OPINIÃO

Gabriel Dorfman é doutor em Arquitetura pela Technische Universität Berlin. Professor associado do Departamento de História da Arquitetura e do Urbanismo da Faculdade de Arquitetura e Urbanismo da Universidade de Brasília.

Gabriel Dorfman

 

Mostras de jardins existem há tempo na Europa: na Inglaterra, desde os anos 30 do século XIX. Na Alemanha, desde 1865.

 

No Brasil, tais mostras são inéditas. As possíveis causas disso vão desde sua inexistência nos Estados Unidos (fonte de tudo o que se imita no Brasil), até o fato de que elas pouco coadunam com o ritmo frenético que a cultura nacional vê como sinal de pujança e criatividade.

 

Jardins são como antíteses do que a alma nacional considera "moderno"; são vistos como objetos de um tempo que ficou para trás; áreas verdes que mostrem composição, ordem e intenção são vistas como arcaísmo.
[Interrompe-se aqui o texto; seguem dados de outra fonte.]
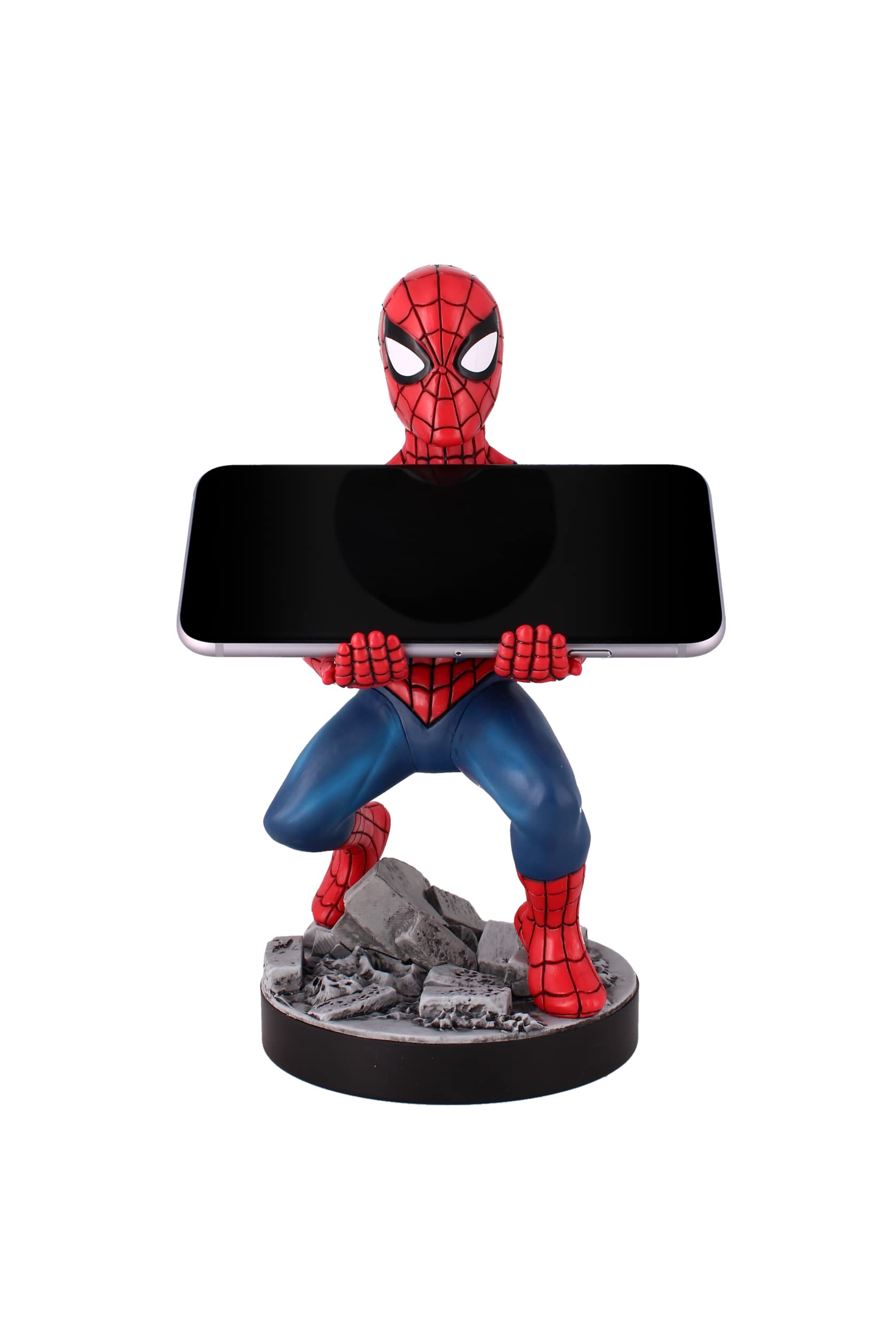 Cable Guys - Spider-Man Classic Accessory Holder for Gaming Controllers and Smartphones (Electronic Games////)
Espera-se das áreas verdes que elas pareçam bem "naturais" e "espontâneas"; por isso, disseminam-se as formas "livres" e pastiches dos jardins de Burle Marx.  

 

O campus da UnB é exemplo da opção pelos não jardins: colagem de edificações desconexas, envoltas e ocultas por vegetação que brota casual e "espontaneamente", desperdiçando-se aí a chance de prover o Distrito Federal de espaços forjados por claras intenções estéticas.

 

A amorfia do campus Darcy Ribeiro é amostra da amorfia da maioria das áreas verdes do Distrito Federal; nestas, como naquele, predomina o acaso, travestido de "espontâneo", "natural".

 

Assim, paradoxalmente, Brasília, com uma quantidade de áreas verdes única no país, carece de jardins. Perde-se a chance de convertê-la em capital brasileira dos jardins.

 

Constatam-se, portanto, duas carências: a insensibilidade para com o significado dos jardins no patrimônio cultural de uma nação (1ª.) e a falta desses objetos artísticos na capital dessa nação (2ª.). A realização em Brasília da 1ª. Mostra Brasileira de Jardins permitiria superar essas duas carências simultaneamente; de quebra, brasileiras/os teriam chance de relativizar os preconceitos que grassam contra sua capital, maior realização cultural do país no século XX.

 

Brasília é cenário adequado à realização desse projeto, primeiro, porque foi concebida como uma cidade-jardim.

 

Segundo, porque o clima de Brasília se presta a um evento como esse, que deve desenrolar-se a céu aberto, com temperaturas amenas e sem a ameaça de chuvas.

 

Terceiro, porque Brasília é equidistante de todas as regiões do Brasil.

 

Quarto, porque Brasília, sendo capital da nação, deve ser ponto de encontro das correntes culturais que compõem a nação, o que pode ser representado na mostra implantando-se jardins com características dos vários biomas brasileiros.

 

De resto, abundam em Brasília os espaços aptos a dar suporte à diversidade de temas de uma mostra de jardins: as praças secas dos setores culturais, comerciais e administrativos, por exemplo, são ideais para receberem pérgolas e vasos com árvores e arbustos, criando ali zonas de estar sombreadas e aprazíveis; já os gramados dos Eixos e Esplanadas poderão ser definitivamente configurados, tornando-se verdadeiros JARDINS.

 

Dentre os espaços carentes de configuração, estão as 128 superquadras do Plano Piloto; cochilam ali ambientes dotados de dimensões e formatos próprios das praças da cultura urbanística ocidental, esperando que a vegetação (além de outros elementos paisagísticos) seja utilizada para realizar esse potencial inexplorado. Uma mostra de jardins seria o momento de revelar ao mundo as centenas de praças adormecidas de Brasília.

 

Resumindo: o legado de uma Mostra de Jardins beneficiaria a vida dos habitantes do Distrito Federal, estendendo a todos as excepcionais qualidades urbanas que têm sido monopólio dos privilegiados que vivem no Plano Piloto e nas zonas contíguas a ele. A isso somar-se-ia o (re)conhecimento de que jardins NÃO ESTÃO extintos, sendo sua principal missão a de trazer beleza e sentido ao mundo que os seres humanos constroem em meio ao caos universal.